▼

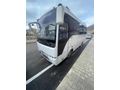 2011 MODEL TEMSA PRESTİJ SD 29+1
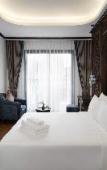 Туры в отель Eli Rina Hotel Туры в отель Eli Rina Hotel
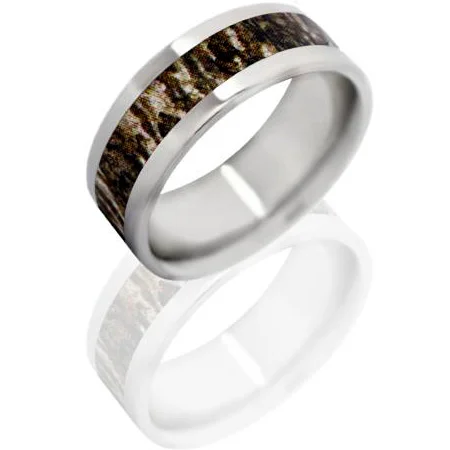 joyjewelers-1202605031745042223745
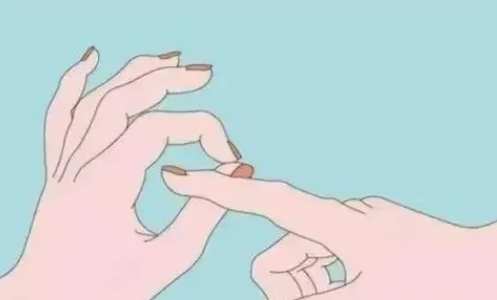 第一次的女生，该怎么做才不疼
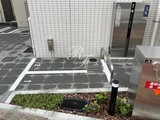 クオリタス浅草橋 共用部 物件画像10
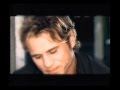 Jon stevens carry the flame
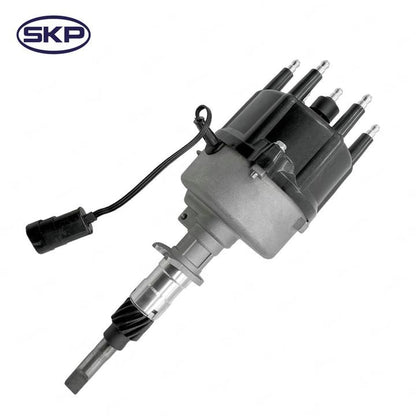SKP SKDICH07 main image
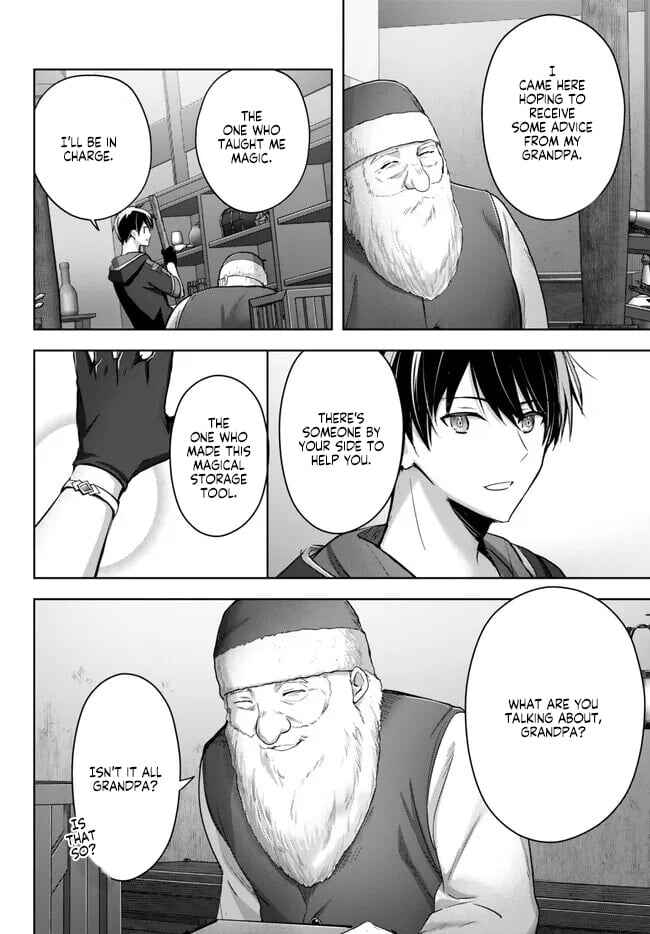 Chapter 28 - Page 17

▲

EXERCISE DETAILS:
Leaving out the pictures, repeat all the entries exactly as they stand.

ANSWER FOR THE TASK:
 2011 MODEL TEMSA PRESTİJ SD 29+1
 Туры в отель Eli Rina Hotel Туры в отель Eli Rina Hotel
 joyjewelers-1202605031745042223745
 第一次的女生，该怎么做才不疼
 クオリタス浅草橋 共用部 物件画像10
 Jon stevens carry the flame
SKP SKDICH07 main image
 Chapter 28 - Page 17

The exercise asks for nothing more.